I saw some decent reviews for this one in the App Store, and the price was low, so I figured I’d check it out. Armageddon Squadron is a decent game overall, and I warmed to it more with time. It offers a lot of play options and scenarios that are engaging. For example, gameplay is not restricted to a front aerial view. Some of the missions require you to switch to a top-down bomber view so that you can accurately place bombs on targets below.
Armageddon Squadron: Bogie at 12 o’clock (left), and bombing a supply factory (right).
Hellfire takes you back to the cold war era, when the U.S.A. and U.S.S.R. were locked in an escalating race for military supremacy. The original Hellfire game for the Windows Mobile platform came out around 2004, and was dubbed Hellfire: Apache vs. Hind. The title is misleading—it makes it sound like an air-to-air combat game between two helicopters. It’s listed in the category of strategy games by the vendor, but most of the game involves direct combat between a helicopter you control and “bogies” controlled by the computer. (You choose to pilot either the Apache or Hind.) The original game was nicely executed and fun to play, and so is the newer version.
Hour of Heroes begins with an awesome preview sequence of the game. When the scenes first rolled, I thought I was watching a movie. The game itself is not quite as vivid as the promo, but it’s close.
The animated actions and effects are smooth, and the shading is quite realistic. From plumes of smoke to an enemy being shot, the game graphics are simply amazing—the highest quality I have seen thus far on the iPhone or Touch. In addition, the sound is very realistic. You can hear your squad buddies and German Army units shouting amidst the crack of small arms fire and the rumble of armor and artillery.

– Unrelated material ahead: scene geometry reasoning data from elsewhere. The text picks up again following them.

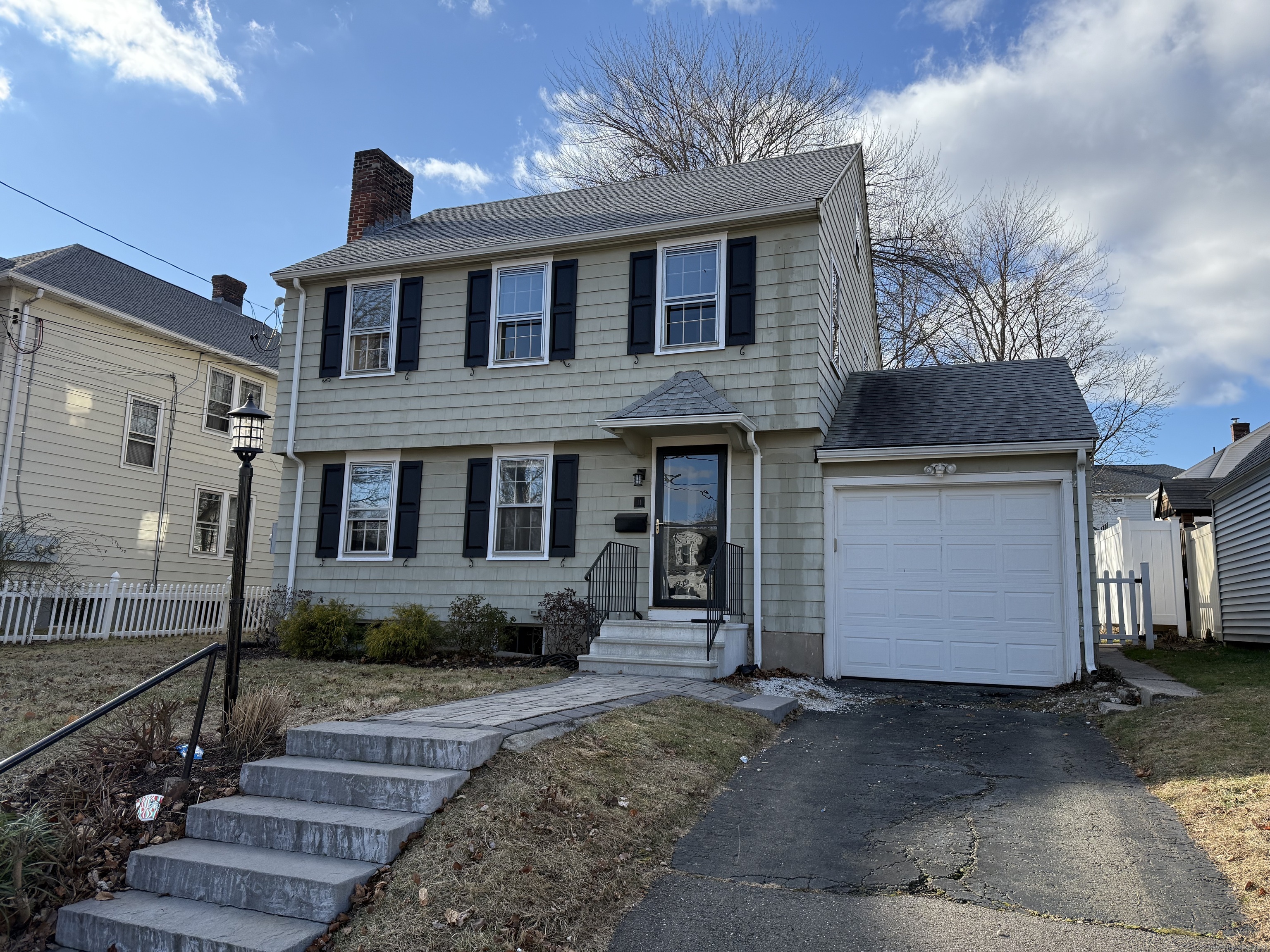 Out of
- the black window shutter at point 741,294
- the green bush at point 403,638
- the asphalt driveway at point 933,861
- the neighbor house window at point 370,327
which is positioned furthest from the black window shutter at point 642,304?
the asphalt driveway at point 933,861

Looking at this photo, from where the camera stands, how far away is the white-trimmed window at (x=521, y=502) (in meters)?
11.7

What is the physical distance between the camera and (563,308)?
11.9 metres

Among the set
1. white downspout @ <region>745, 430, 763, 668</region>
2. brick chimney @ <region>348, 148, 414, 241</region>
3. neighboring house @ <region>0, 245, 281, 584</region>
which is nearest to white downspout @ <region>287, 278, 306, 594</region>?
brick chimney @ <region>348, 148, 414, 241</region>

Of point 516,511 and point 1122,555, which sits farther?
point 1122,555

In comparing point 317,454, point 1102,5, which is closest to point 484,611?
point 317,454

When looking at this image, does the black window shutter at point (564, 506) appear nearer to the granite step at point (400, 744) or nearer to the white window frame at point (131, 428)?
the granite step at point (400, 744)

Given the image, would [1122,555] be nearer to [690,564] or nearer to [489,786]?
[690,564]

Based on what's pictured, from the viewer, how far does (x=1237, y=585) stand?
14195mm

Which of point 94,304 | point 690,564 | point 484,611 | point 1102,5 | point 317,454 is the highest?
point 1102,5

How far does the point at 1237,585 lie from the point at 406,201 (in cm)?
1574

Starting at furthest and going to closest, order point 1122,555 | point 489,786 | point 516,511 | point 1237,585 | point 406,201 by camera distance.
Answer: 1. point 1122,555
2. point 406,201
3. point 1237,585
4. point 516,511
5. point 489,786

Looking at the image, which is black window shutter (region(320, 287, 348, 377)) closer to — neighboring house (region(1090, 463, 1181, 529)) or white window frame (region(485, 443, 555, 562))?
white window frame (region(485, 443, 555, 562))

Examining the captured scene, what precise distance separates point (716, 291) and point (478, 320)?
11.5ft

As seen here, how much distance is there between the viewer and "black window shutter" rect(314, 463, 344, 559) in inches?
503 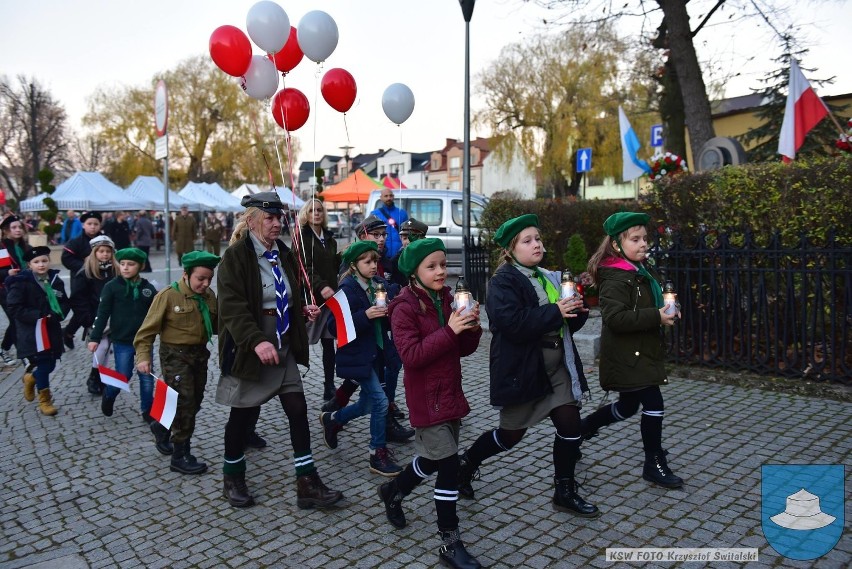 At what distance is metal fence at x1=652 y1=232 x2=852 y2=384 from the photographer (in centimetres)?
589

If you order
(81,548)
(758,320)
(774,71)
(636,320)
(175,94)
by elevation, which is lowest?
(81,548)

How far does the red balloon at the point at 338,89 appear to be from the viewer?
20.4 ft

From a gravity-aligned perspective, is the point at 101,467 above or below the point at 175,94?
below

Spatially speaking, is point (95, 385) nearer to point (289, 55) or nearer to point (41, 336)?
point (41, 336)

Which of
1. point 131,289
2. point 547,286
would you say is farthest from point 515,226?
point 131,289

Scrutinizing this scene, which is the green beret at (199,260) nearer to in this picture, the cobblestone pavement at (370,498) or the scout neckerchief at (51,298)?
the cobblestone pavement at (370,498)

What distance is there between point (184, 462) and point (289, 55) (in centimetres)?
363

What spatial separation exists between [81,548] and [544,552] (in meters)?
2.48

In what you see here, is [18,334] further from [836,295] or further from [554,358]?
[836,295]

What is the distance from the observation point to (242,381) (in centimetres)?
391

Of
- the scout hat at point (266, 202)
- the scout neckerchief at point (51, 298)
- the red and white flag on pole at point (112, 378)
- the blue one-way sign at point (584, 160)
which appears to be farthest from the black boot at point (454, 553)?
the blue one-way sign at point (584, 160)

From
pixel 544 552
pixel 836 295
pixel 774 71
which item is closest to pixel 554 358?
pixel 544 552

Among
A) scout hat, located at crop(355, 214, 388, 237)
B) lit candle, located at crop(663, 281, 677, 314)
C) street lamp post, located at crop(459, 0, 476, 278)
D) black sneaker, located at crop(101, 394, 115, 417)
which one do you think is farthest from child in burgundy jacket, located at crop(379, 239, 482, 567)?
street lamp post, located at crop(459, 0, 476, 278)

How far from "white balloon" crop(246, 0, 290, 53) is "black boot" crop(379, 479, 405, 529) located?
347 centimetres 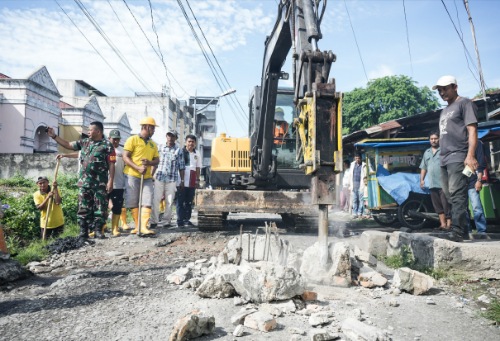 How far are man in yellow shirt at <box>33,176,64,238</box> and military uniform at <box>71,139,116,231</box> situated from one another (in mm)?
620

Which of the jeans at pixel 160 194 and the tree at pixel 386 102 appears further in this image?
the tree at pixel 386 102

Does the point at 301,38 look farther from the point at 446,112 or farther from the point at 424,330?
the point at 424,330

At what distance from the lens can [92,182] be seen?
211 inches

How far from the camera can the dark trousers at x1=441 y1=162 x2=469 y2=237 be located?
3783 millimetres

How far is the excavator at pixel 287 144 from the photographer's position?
10.6 feet

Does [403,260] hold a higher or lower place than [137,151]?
lower

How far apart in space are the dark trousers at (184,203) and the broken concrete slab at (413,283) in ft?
16.3

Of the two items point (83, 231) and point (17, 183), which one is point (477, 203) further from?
point (17, 183)

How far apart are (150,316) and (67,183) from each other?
12.0 metres

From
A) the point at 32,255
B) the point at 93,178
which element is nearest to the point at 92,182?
the point at 93,178

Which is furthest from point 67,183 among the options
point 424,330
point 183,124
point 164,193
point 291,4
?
point 183,124

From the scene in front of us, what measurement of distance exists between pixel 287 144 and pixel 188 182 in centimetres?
221

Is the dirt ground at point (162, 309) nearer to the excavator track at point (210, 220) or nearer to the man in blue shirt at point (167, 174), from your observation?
the excavator track at point (210, 220)

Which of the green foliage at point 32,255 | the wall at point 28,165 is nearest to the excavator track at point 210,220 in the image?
the green foliage at point 32,255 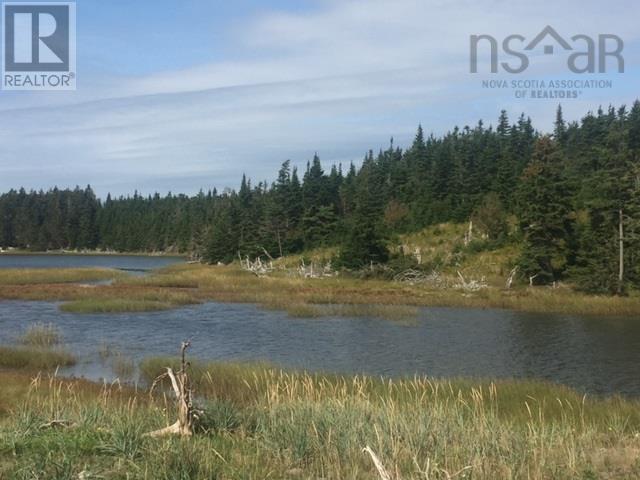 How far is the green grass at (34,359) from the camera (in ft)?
70.0

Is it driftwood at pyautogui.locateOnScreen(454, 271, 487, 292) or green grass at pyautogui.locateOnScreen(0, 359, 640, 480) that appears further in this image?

Years ago, when I got my first PDA, I imagined a day when I could speak to any person on the planet using a personal language translator. Future Apps, Inc. has nearly fulfilled that dream with its series of iSpeak language translation references, including iSpeak Spanish shown here. The user still has to peck away on the onscreen keyboard to enter the word or phrase, but iSpeak will display the translation and “speak” it accurately. Translations work in either direction (English to Spanish or Spanish to English). The output is very accurate. This is a self-contained app.